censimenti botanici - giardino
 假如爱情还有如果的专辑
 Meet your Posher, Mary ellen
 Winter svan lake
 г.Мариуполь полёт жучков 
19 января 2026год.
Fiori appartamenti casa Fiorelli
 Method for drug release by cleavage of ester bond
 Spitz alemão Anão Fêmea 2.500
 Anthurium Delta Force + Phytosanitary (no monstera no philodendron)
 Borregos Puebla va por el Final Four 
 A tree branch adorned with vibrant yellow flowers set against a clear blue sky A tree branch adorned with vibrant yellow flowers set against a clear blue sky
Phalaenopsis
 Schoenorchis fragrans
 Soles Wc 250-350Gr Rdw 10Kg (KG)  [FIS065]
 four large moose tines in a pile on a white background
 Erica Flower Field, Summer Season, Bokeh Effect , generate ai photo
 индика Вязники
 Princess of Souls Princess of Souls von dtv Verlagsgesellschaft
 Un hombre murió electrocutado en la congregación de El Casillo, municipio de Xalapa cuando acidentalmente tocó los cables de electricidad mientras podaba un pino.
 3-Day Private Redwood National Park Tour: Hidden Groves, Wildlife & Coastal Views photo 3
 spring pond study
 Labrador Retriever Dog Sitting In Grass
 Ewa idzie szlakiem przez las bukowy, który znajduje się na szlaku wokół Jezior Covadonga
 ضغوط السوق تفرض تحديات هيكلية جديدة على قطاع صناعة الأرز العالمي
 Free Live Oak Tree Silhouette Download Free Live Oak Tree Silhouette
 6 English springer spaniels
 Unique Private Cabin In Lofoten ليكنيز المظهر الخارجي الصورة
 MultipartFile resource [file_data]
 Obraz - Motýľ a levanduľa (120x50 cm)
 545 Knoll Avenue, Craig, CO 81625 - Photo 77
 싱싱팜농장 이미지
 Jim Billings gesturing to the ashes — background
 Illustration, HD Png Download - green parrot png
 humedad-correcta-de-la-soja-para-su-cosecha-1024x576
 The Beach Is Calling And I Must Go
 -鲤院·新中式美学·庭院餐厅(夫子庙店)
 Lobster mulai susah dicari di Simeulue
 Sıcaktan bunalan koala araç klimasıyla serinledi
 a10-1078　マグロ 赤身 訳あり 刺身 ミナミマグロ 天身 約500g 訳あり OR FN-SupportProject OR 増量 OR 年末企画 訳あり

HOW TO COMPLETE THIS TASK:
An exact copy of every record is what the answer must contain.

ANSWER BOX:
censimenti botanici - giardino
 假如爱情还有如果的专辑
 Meet your Posher, Mary ellen
 Winter svan lake
 г.Мариуполь полёт жучков 
19 января 2026год.
Fiori appartamenti casa Fiorelli
 Method for drug release by cleavage of ester bond
 Spitz alemão Anão Fêmea 2.500
 Anthurium Delta Force + Phytosanitary (no monstera no philodendron)
 Borregos Puebla va por el Final Four 
 A tree branch adorned with vibrant yellow flowers set against a clear blue sky A tree branch adorned with vibrant yellow flowers set against a clear blue sky
Phalaenopsis
 Schoenorchis fragrans
 Soles Wc 250-350Gr Rdw 10Kg (KG)  [FIS065]
 four large moose tines in a pile on a white background
 Erica Flower Field, Summer Season, Bokeh Effect , generate ai photo
 индика Вязники
 Princess of Souls Princess of Souls von dtv Verlagsgesellschaft
 Un hombre murió electrocutado en la congregación de El Casillo, municipio de Xalapa cuando acidentalmente tocó los cables de electricidad mientras podaba un pino.
 3-Day Private Redwood National Park Tour: Hidden Groves, Wildlife & Coastal Views photo 3
 spring pond study
 Labrador Retriever Dog Sitting In Grass
 Ewa idzie szlakiem przez las bukowy, który znajduje się na szlaku wokół Jezior Covadonga
 ضغوط السوق تفرض تحديات هيكلية جديدة على قطاع صناعة الأرز العالمي
 Free Live Oak Tree Silhouette Download Free Live Oak Tree Silhouette
 6 English springer spaniels
 Unique Private Cabin In Lofoten ليكنيز المظهر الخارجي الصورة
 MultipartFile resource [file_data]
 Obraz - Motýľ a levanduľa (120x50 cm)
 545 Knoll Avenue, Craig, CO 81625 - Photo 77
 싱싱팜농장 이미지
 Jim Billings gesturing to the ashes — background
 Illustration, HD Png Download - green parrot png
 humedad-correcta-de-la-soja-para-su-cosecha-1024x576
 The Beach Is Calling And I Must Go
 -鲤院·新中式美学·庭院餐厅(夫子庙店)
 Lobster mulai susah dicari di Simeulue
 Sıcaktan bunalan koala araç klimasıyla serinledi
 a10-1078　マグロ 赤身 訳あり 刺身 ミナミマグロ 天身 約500g 訳あり OR FN-SupportProject OR 増量 OR 年末企画 訳あり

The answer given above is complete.